*** Data listing Section Begins ***

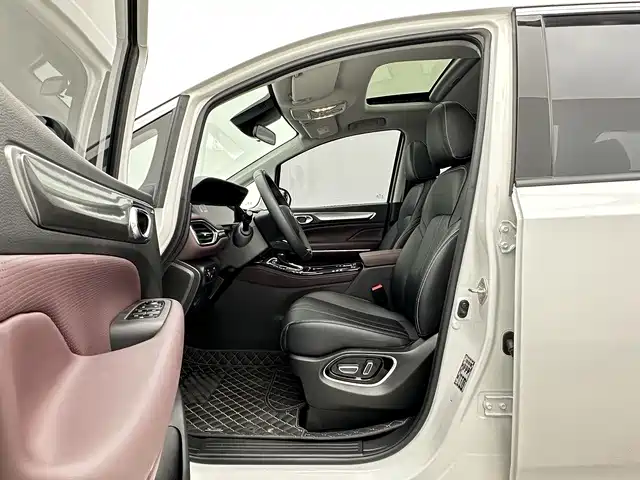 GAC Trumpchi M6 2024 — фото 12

*** Data listing Section Ends ***
*** Data listing Section Begins ***

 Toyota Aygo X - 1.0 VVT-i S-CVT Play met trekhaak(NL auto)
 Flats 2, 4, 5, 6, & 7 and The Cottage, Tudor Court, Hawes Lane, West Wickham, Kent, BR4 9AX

*** Data listing Section Ends ***
*** Data listing Section Begins ***

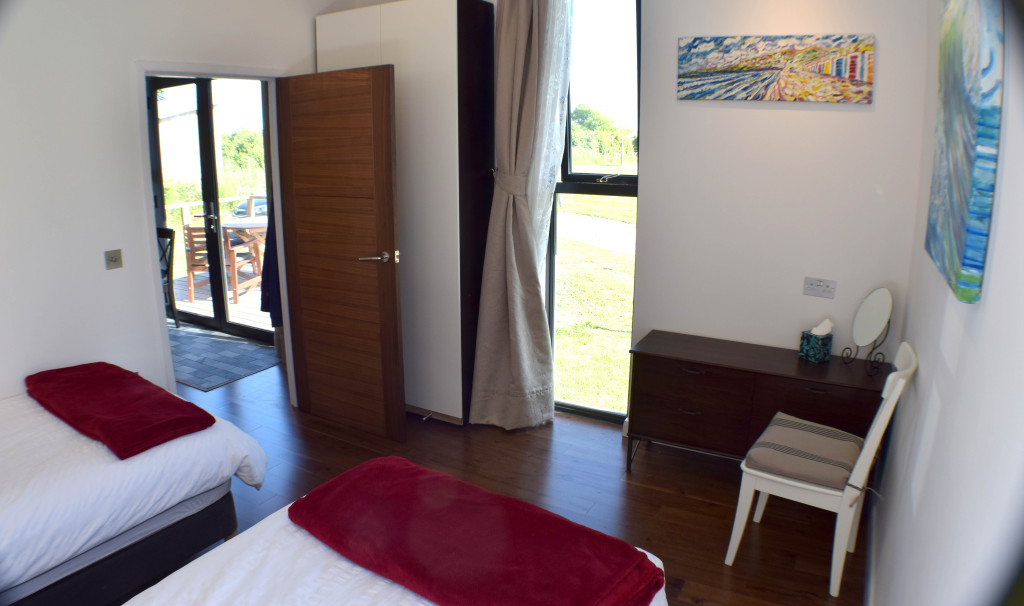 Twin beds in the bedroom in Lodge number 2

*** Data listing Section Ends ***

[Required work] All that should be written out is the stretch of lines above between the one holding "Toyota Aygo X" and the one holding "Flats 2, 4, 5, 6, &", inclusive, exactly as given.

[Output for this task]
 Toyota Aygo X - 1.0 VVT-i S-CVT Play met trekhaak(NL auto)
 Flats 2, 4, 5, 6, & 7 and The Cottage, Tudor Court, Hawes Lane, West Wickham, Kent, BR4 9AX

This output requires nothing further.